WORK TO COMPLETE:
Only one stretch of the data below is needed: the line with "Jet Fuel Mandarine" through the last line. Output it exactly and drop the pictures.

WORKING DATA below:

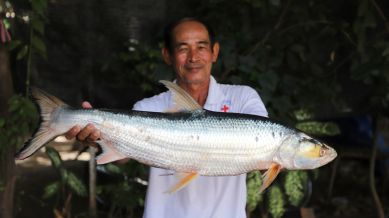 Mekong Ghost Fish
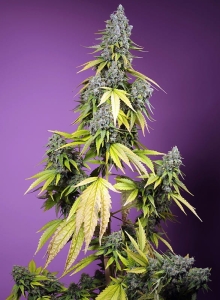 Jet Fuel Mandarine XL Auto® od Sweet Seeds nasiona marihuany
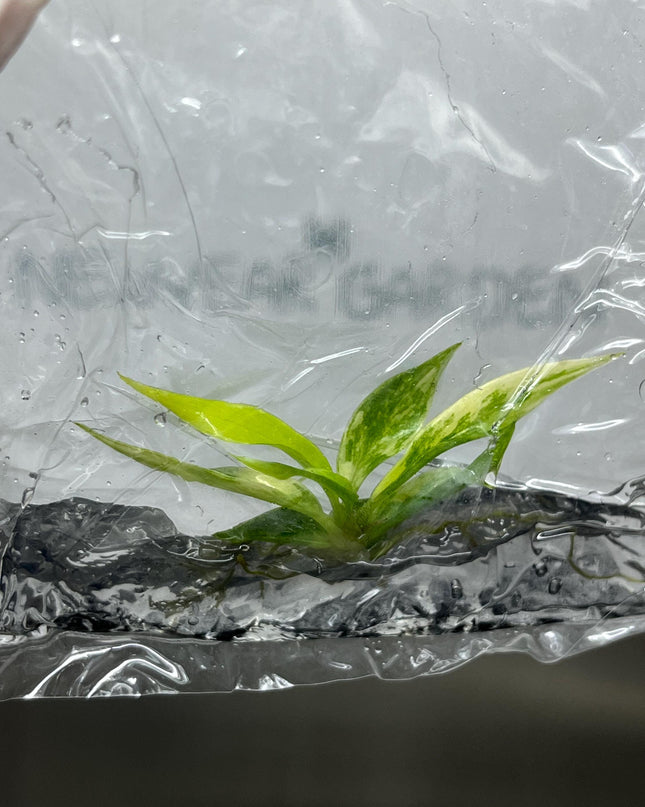 Philodendron Tortum Aurea Variegated Tissue Culture (1 item/bag)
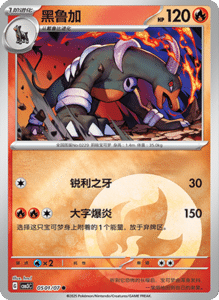 05 01/07 · Houndoom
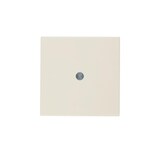 thumbnail of Berker Zentralstück ws/gl 10198982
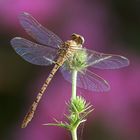 Onychogomphus costae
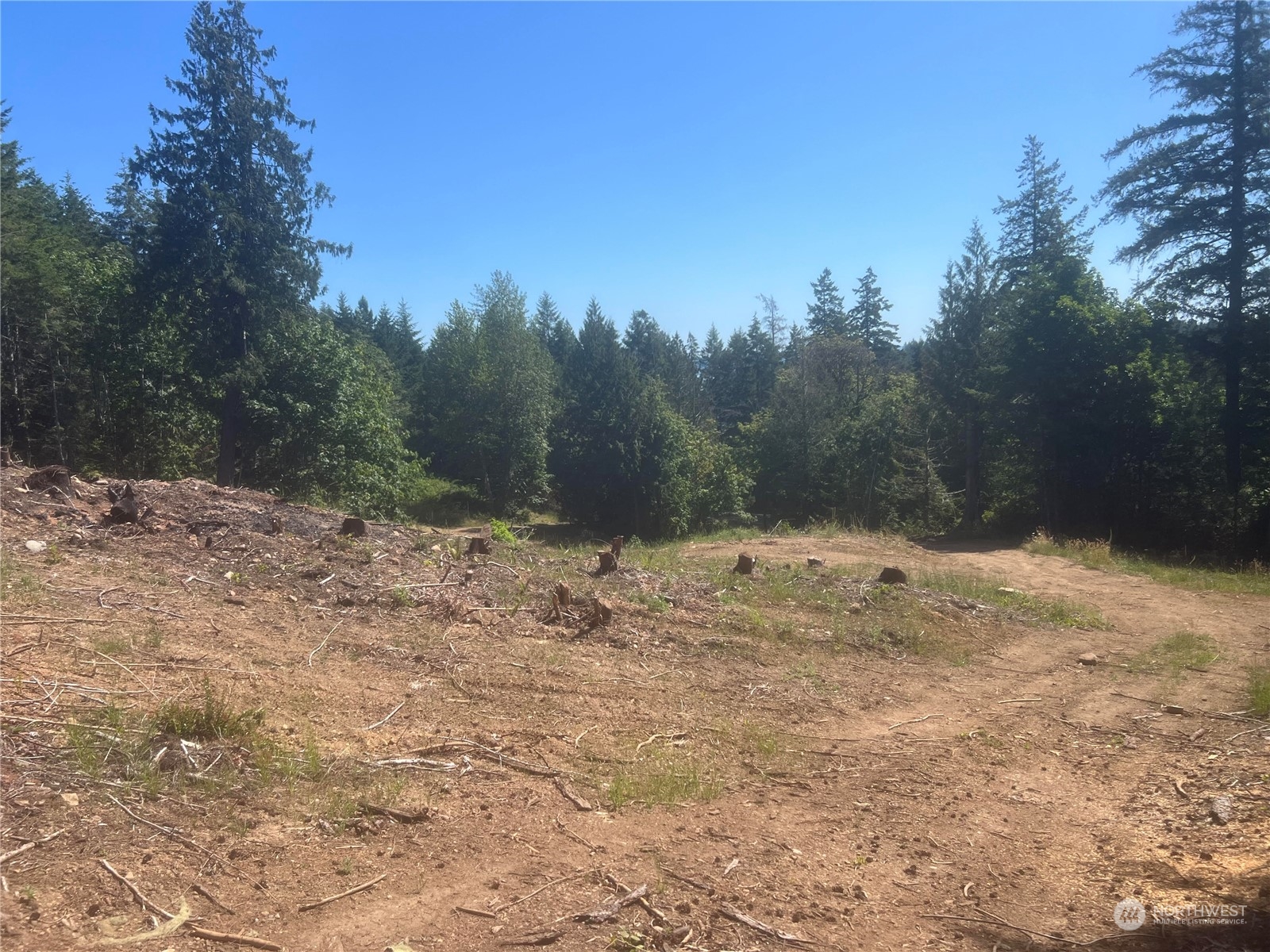 1 Mount Jupiter Road Brinnon WA 98320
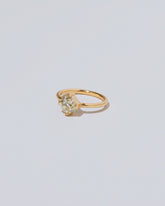 View from the side of the Tendu Ring on light color background.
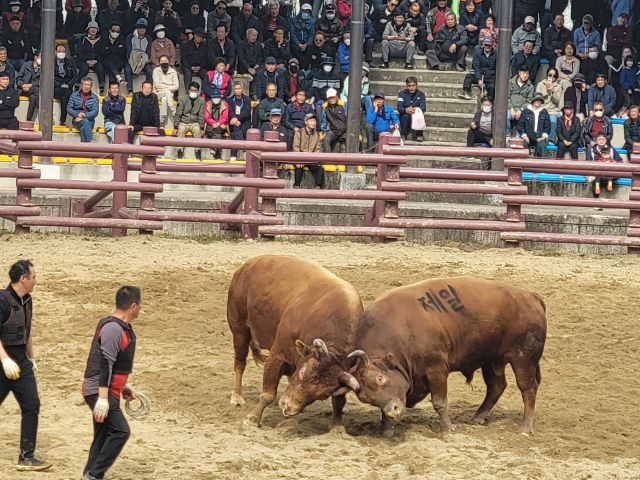 지난해 경남도내 한 지자체에서 연 소싸움 대회 모습. 경남도 제공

End of WORKING DATA.

TASK SOLUTION:
 Jet Fuel Mandarine XL Auto® od Sweet Seeds nasiona marihuany
 Philodendron Tortum Aurea Variegated Tissue Culture (1 item/bag)
 05 01/07 · Houndoom
 thumbnail of Berker Zentralstück ws/gl 10198982
 Onychogomphus costae
 1 Mount Jupiter Road Brinnon WA 98320
 View from the side of the Tendu Ring on light color background.
 지난해 경남도내 한 지자체에서 연 소싸움 대회 모습. 경남도 제공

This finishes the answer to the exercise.